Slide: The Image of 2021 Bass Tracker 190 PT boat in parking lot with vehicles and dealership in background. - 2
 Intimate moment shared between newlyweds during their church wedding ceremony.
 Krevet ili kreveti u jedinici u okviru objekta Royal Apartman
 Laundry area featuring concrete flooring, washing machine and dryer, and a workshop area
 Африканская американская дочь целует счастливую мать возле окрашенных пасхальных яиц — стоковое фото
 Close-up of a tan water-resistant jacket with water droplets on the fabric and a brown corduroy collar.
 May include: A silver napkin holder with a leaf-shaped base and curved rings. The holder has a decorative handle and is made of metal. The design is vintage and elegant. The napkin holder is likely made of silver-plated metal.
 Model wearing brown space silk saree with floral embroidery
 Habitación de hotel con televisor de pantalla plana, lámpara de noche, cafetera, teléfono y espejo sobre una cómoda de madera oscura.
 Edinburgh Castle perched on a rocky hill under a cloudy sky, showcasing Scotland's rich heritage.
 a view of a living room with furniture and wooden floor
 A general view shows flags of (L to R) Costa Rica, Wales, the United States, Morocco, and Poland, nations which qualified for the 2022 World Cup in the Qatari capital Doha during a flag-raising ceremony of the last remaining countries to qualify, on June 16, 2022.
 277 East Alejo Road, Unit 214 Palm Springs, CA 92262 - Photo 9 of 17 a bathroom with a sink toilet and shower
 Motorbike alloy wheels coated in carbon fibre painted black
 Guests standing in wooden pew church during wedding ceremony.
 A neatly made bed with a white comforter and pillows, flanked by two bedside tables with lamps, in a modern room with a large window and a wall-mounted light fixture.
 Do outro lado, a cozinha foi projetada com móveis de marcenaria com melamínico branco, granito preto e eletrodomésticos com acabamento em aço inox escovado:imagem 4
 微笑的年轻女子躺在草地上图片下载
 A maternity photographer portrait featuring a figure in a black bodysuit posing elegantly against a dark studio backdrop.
========================
◆ **PROBLEM TO WORK ON**
Word for word, copy the listing above in its entirety.

◆ **YOUR RESPONSE**
Slide: The Image of 2021 Bass Tracker 190 PT boat in parking lot with vehicles and dealership in background. - 2
 Intimate moment shared between newlyweds during their church wedding ceremony.
 Krevet ili kreveti u jedinici u okviru objekta Royal Apartman
 Laundry area featuring concrete flooring, washing machine and dryer, and a workshop area
 Африканская американская дочь целует счастливую мать возле окрашенных пасхальных яиц — стоковое фото
 Close-up of a tan water-resistant jacket with water droplets on the fabric and a brown corduroy collar.
 May include: A silver napkin holder with a leaf-shaped base and curved rings. The holder has a decorative handle and is made of metal. The design is vintage and elegant. The napkin holder is likely made of silver-plated metal.
 Model wearing brown space silk saree with floral embroidery
 Habitación de hotel con televisor de pantalla plana, lámpara de noche, cafetera, teléfono y espejo sobre una cómoda de madera oscura.
 Edinburgh Castle perched on a rocky hill under a cloudy sky, showcasing Scotland's rich heritage.
 a view of a living room with furniture and wooden floor
 A general view shows flags of (L to R) Costa Rica, Wales, the United States, Morocco, and Poland, nations which qualified for the 2022 World Cup in the Qatari capital Doha during a flag-raising ceremony of the last remaining countries to qualify, on June 16, 2022.
 277 East Alejo Road, Unit 214 Palm Springs, CA 92262 - Photo 9 of 17 a bathroom with a sink toilet and shower
 Motorbike alloy wheels coated in carbon fibre painted black
 Guests standing in wooden pew church during wedding ceremony.
 A neatly made bed with a white comforter and pillows, flanked by two bedside tables with lamps, in a modern room with a large window and a wall-mounted light fixture.
 Do outro lado, a cozinha foi projetada com móveis de marcenaria com melamínico branco, granito preto e eletrodomésticos com acabamento em aço inox escovado:imagem 4
 微笑的年轻女子躺在草地上图片下载
 A maternity photographer portrait featuring a figure in a black bodysuit posing elegantly against a dark studio backdrop.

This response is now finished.